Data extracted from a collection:
::::::::::

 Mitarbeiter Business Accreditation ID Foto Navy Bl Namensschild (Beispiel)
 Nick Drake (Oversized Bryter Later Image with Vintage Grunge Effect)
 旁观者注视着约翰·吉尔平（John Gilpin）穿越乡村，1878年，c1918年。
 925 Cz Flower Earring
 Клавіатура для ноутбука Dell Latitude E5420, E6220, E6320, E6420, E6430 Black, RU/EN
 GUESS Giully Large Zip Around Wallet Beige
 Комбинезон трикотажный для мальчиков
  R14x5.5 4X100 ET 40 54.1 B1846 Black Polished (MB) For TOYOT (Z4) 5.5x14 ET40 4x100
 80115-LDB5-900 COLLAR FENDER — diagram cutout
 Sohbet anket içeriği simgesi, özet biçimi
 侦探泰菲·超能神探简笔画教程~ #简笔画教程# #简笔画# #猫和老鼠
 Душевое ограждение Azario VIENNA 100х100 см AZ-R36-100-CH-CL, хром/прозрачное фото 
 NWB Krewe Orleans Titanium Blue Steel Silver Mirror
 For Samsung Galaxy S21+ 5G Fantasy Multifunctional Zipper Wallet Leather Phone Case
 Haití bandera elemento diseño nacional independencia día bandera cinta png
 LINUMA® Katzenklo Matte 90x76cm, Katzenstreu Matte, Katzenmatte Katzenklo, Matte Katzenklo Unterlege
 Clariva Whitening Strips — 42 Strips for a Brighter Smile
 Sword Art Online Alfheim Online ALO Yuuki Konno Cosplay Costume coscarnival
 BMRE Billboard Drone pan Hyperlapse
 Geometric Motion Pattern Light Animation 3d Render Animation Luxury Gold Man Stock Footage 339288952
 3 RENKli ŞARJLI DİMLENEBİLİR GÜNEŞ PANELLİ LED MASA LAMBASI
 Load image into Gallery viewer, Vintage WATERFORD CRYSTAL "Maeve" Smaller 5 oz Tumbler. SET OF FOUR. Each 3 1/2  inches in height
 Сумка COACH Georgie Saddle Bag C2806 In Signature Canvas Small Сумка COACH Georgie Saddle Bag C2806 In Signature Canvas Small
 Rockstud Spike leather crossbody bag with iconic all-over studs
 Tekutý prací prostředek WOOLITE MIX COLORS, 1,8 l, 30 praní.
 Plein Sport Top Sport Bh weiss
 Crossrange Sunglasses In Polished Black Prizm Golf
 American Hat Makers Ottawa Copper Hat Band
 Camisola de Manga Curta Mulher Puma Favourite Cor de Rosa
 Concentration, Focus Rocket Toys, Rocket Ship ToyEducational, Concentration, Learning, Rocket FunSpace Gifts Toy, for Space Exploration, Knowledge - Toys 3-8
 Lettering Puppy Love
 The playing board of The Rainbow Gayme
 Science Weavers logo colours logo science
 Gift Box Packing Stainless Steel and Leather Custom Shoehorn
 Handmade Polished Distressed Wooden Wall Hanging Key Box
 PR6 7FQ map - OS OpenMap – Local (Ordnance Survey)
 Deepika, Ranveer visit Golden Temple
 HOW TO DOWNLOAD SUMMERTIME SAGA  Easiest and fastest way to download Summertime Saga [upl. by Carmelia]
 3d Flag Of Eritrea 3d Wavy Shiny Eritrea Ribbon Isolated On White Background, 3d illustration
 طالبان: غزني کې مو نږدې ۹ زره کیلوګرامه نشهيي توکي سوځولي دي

::::::::::

== What is needed ==
Write out the data once more, word for word.

== Written answer ==
 Mitarbeiter Business Accreditation ID Foto Navy Bl Namensschild (Beispiel)
 Nick Drake (Oversized Bryter Later Image with Vintage Grunge Effect)
 旁观者注视着约翰·吉尔平（John Gilpin）穿越乡村，1878年，c1918年。
 925 Cz Flower Earring
 Клавіатура для ноутбука Dell Latitude E5420, E6220, E6320, E6420, E6430 Black, RU/EN
 GUESS Giully Large Zip Around Wallet Beige
 Комбинезон трикотажный для мальчиков
  R14x5.5 4X100 ET 40 54.1 B1846 Black Polished (MB) For TOYOT (Z4) 5.5x14 ET40 4x100
 80115-LDB5-900 COLLAR FENDER — diagram cutout
 Sohbet anket içeriği simgesi, özet biçimi
 侦探泰菲·超能神探简笔画教程~ #简笔画教程# #简笔画# #猫和老鼠
 Душевое ограждение Azario VIENNA 100х100 см AZ-R36-100-CH-CL, хром/прозрачное фото 
 NWB Krewe Orleans Titanium Blue Steel Silver Mirror
 For Samsung Galaxy S21+ 5G Fantasy Multifunctional Zipper Wallet Leather Phone Case
 Haití bandera elemento diseño nacional independencia día bandera cinta png
 LINUMA® Katzenklo Matte 90x76cm, Katzenstreu Matte, Katzenmatte Katzenklo, Matte Katzenklo Unterlege
 Clariva Whitening Strips — 42 Strips for a Brighter Smile
 Sword Art Online Alfheim Online ALO Yuuki Konno Cosplay Costume coscarnival
 BMRE Billboard Drone pan Hyperlapse
 Geometric Motion Pattern Light Animation 3d Render Animation Luxury Gold Man Stock Footage 339288952
 3 RENKli ŞARJLI DİMLENEBİLİR GÜNEŞ PANELLİ LED MASA LAMBASI
 Load image into Gallery viewer, Vintage WATERFORD CRYSTAL "Maeve" Smaller 5 oz Tumbler. SET OF FOUR. Each 3 1/2  inches in height
 Сумка COACH Georgie Saddle Bag C2806 In Signature Canvas Small Сумка COACH Georgie Saddle Bag C2806 In Signature Canvas Small
 Rockstud Spike leather crossbody bag with iconic all-over studs
 Tekutý prací prostředek WOOLITE MIX COLORS, 1,8 l, 30 praní.
 Plein Sport Top Sport Bh weiss
 Crossrange Sunglasses In Polished Black Prizm Golf
 American Hat Makers Ottawa Copper Hat Band
 Camisola de Manga Curta Mulher Puma Favourite Cor de Rosa
 Concentration, Focus Rocket Toys, Rocket Ship ToyEducational, Concentration, Learning, Rocket FunSpace Gifts Toy, for Space Exploration, Knowledge - Toys 3-8
 Lettering Puppy Love
 The playing board of The Rainbow Gayme
 Science Weavers logo colours logo science
 Gift Box Packing Stainless Steel and Leather Custom Shoehorn
 Handmade Polished Distressed Wooden Wall Hanging Key Box
 PR6 7FQ map - OS OpenMap – Local (Ordnance Survey)
 Deepika, Ranveer visit Golden Temple
 HOW TO DOWNLOAD SUMMERTIME SAGA  Easiest and fastest way to download Summertime Saga [upl. by Carmelia]
 3d Flag Of Eritrea 3d Wavy Shiny Eritrea Ribbon Isolated On White Background, 3d illustration
 طالبان: غزني کې مو نږدې ۹ زره کیلوګرامه نشهيي توکي سوځولي دي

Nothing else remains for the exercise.